## Task details
Give again the lines from the line with "Femme fatiguée posant sa tête sur une table" to the last line of the records, exactly and in full. Do not carry over any pictures.

## Records provided
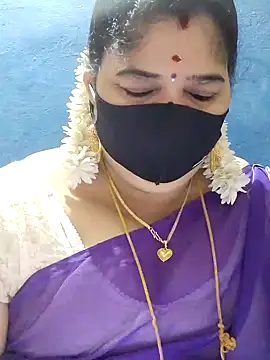 Snapshot of tamilthanushri chatting on February 1, 9:00 am tamilthanushri online show from February 1, 9:00 am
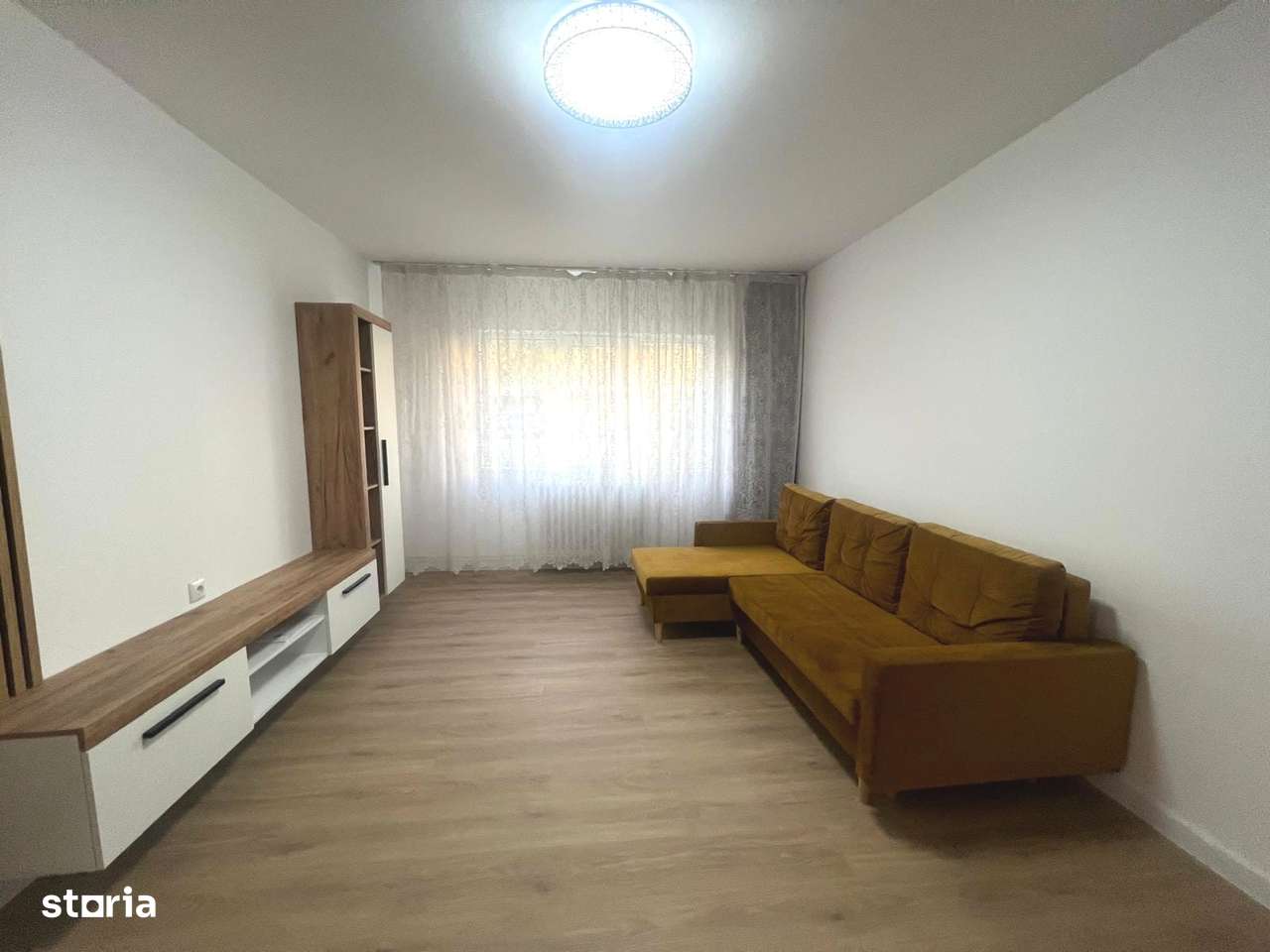 Apartament 2 camere 50mp Zona Crisan finisat Pret 87.500eur neg - Imagine principală: 3/8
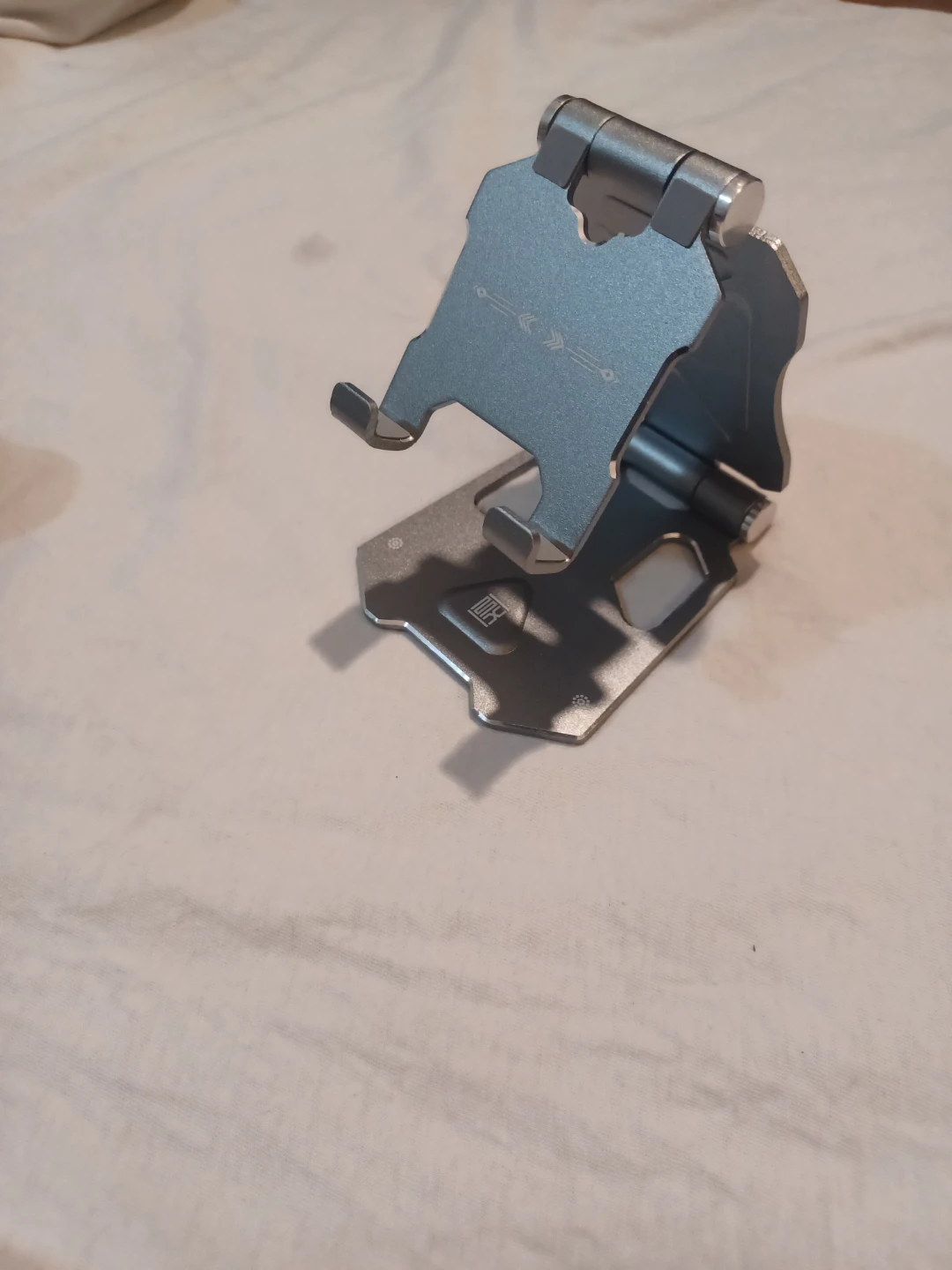 Adjustable Metal Phone Stand - photo 2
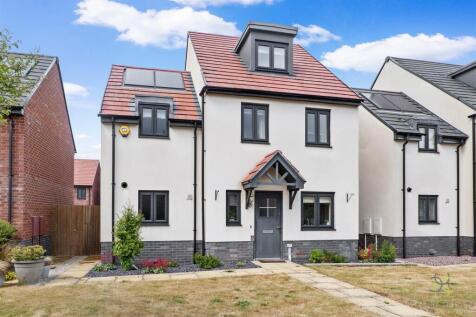 Brooklands Drive, Evesham WR11 4 bed detached house for sale
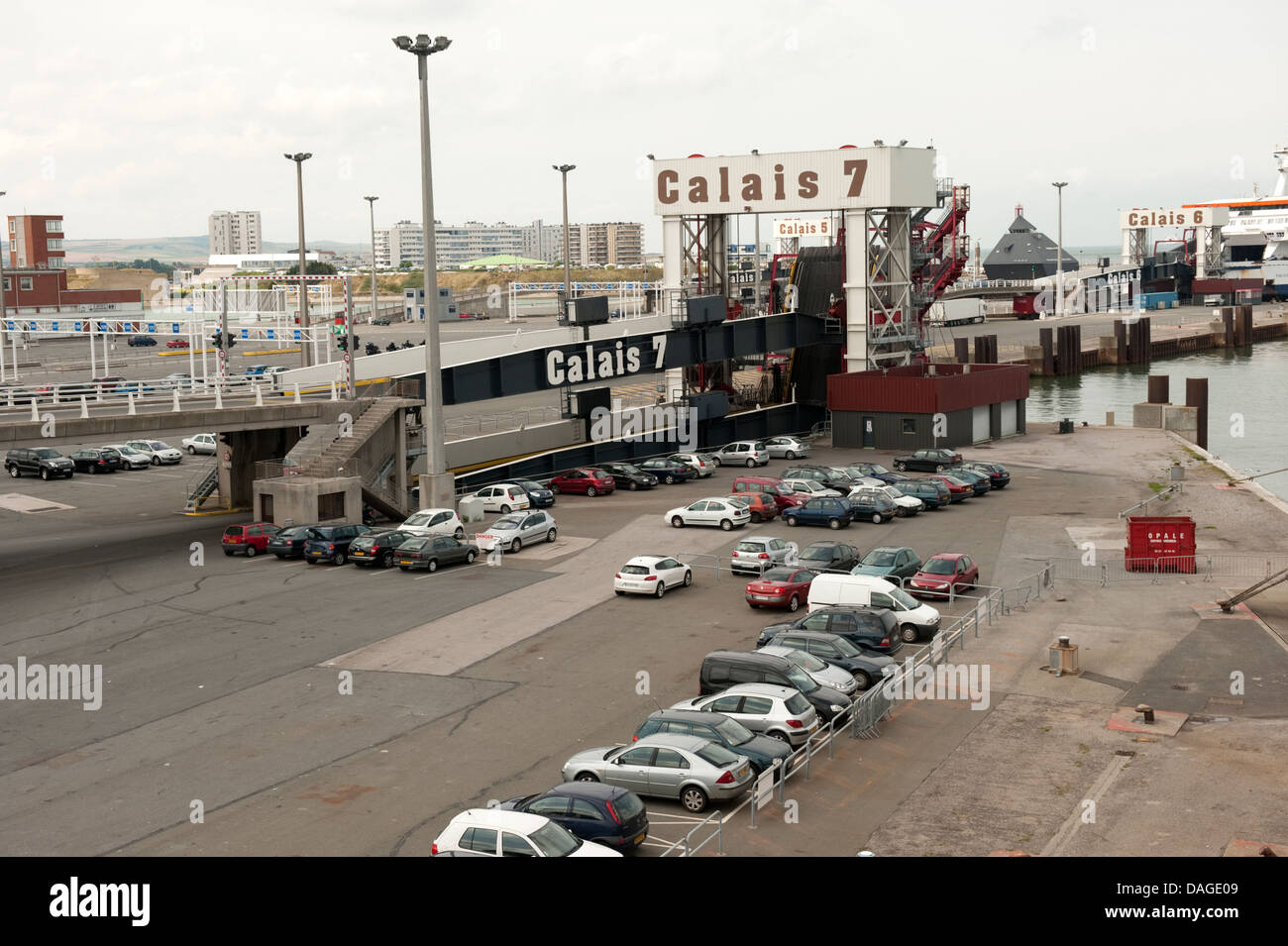 Calais Port de ferry à quai Canal France Banque D'Images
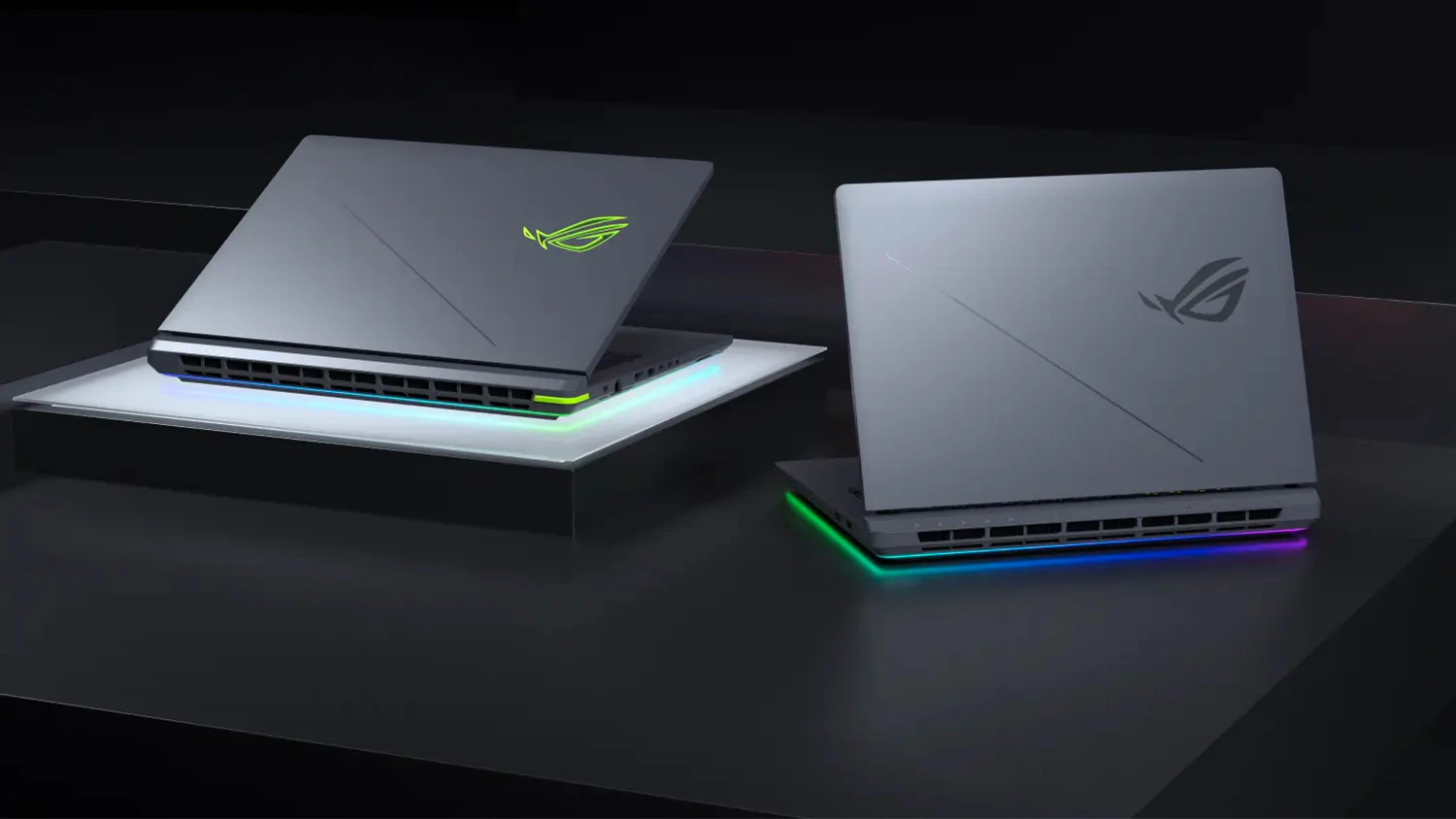 &Scaron;ed&eacute; podstavce s notebooky ASUS
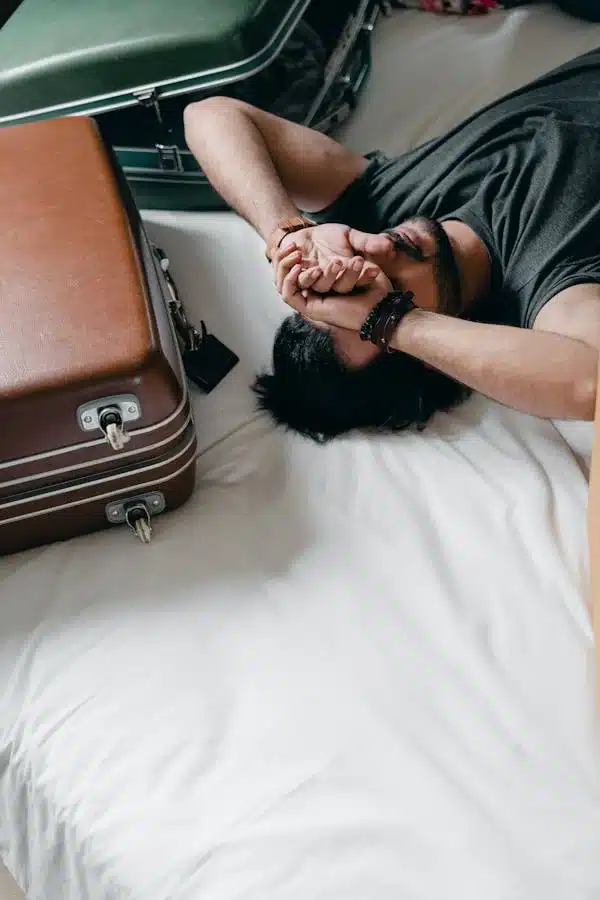 Femme fatiguée posant sa tête sur une table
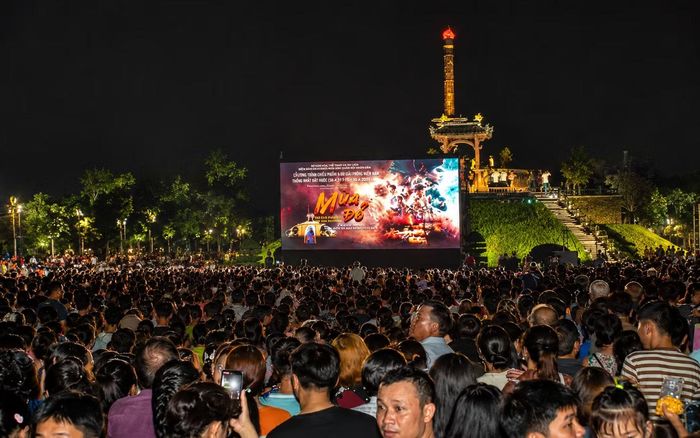 Mỗi suất chiếu không chỉ đưa khán giả đến với một bộ phim mà còn mở ra một cách tiếp cận gần gũi hơn với lịch sử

## Answer area
 Femme fatiguée posant sa tête sur une table
 Mỗi suất chiếu không chỉ đưa khán giả đến với một bộ phim mà còn mở ra một cách tiếp cận gần gũi hơn với lịch sử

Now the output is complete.